=== Work task ===
Exclude the pictures and transcribe the rest of the data below exactly.

=== Data section ===

·····

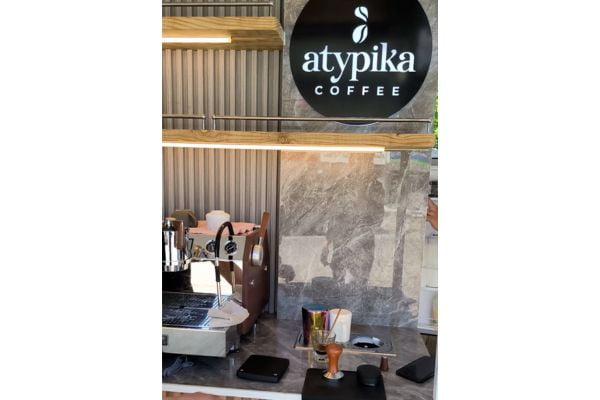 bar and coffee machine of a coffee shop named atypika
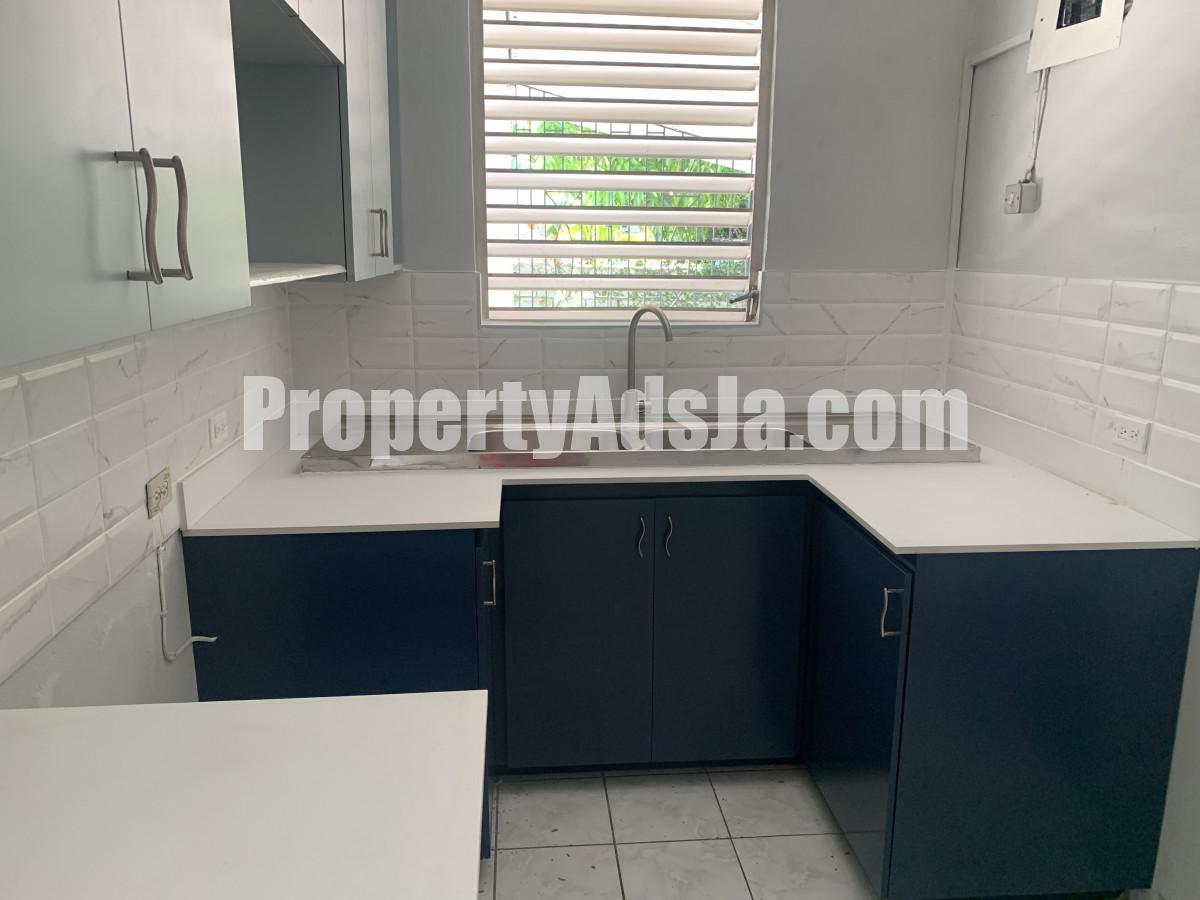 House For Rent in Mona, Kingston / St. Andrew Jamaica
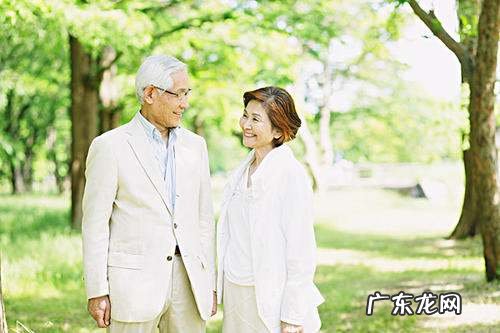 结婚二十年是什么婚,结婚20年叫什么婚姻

·····

=== Answer to this problem ===
 bar and coffee machine of a coffee shop named atypika
 House For Rent in Mona, Kingston / St. Andrew Jamaica
 结婚二十年是什么婚,结婚20年叫什么婚姻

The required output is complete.